_PROBLEM REQUIREMENTS_.
Reproduce the entries shown below only from the line with "2018 Hyundai Ioniq" down to the line with "えひめの柑橘セレクト6回定期便", keeping both end lines and copying each one exactly.

◇ ◇ ◇

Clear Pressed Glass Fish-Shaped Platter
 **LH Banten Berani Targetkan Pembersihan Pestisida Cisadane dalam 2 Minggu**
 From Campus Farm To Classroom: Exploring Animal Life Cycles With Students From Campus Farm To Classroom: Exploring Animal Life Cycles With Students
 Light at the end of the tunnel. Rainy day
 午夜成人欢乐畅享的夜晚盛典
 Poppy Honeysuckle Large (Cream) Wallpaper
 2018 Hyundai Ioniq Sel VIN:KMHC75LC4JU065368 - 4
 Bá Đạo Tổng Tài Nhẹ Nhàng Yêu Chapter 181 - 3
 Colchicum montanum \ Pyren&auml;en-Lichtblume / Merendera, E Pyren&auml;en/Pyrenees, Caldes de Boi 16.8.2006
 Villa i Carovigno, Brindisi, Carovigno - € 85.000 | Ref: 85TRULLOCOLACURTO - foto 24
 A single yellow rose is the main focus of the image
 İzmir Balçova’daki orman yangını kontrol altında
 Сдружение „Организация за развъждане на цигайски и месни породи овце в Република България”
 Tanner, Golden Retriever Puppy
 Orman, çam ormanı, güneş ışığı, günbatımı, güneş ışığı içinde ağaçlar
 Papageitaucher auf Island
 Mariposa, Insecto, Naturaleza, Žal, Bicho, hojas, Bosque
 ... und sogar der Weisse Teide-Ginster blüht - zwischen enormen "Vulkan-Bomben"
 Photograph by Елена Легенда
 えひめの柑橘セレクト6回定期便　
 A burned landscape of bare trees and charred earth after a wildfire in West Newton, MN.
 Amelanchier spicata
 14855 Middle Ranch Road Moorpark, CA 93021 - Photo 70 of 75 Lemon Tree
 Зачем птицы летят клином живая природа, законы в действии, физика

◇ ◇ ◇

_RESULT FOR THIS TASK_.
 2018 Hyundai Ioniq Sel VIN:KMHC75LC4JU065368 - 4
 Bá Đạo Tổng Tài Nhẹ Nhàng Yêu Chapter 181 - 3
 Colchicum montanum \ Pyren&auml;en-Lichtblume / Merendera, E Pyren&auml;en/Pyrenees, Caldes de Boi 16.8.2006
 Villa i Carovigno, Brindisi, Carovigno - € 85.000 | Ref: 85TRULLOCOLACURTO - foto 24
 A single yellow rose is the main focus of the image
 İzmir Balçova’daki orman yangını kontrol altında
 Сдружение „Организация за развъждане на цигайски и месни породи овце в Република България”
 Tanner, Golden Retriever Puppy
 Orman, çam ormanı, güneş ışığı, günbatımı, güneş ışığı içinde ağaçlar
 Papageitaucher auf Island
 Mariposa, Insecto, Naturaleza, Žal, Bicho, hojas, Bosque
 ... und sogar der Weisse Teide-Ginster blüht - zwischen enormen "Vulkan-Bomben"
 Photograph by Елена Легенда
 えひめの柑橘セレクト6回定期便　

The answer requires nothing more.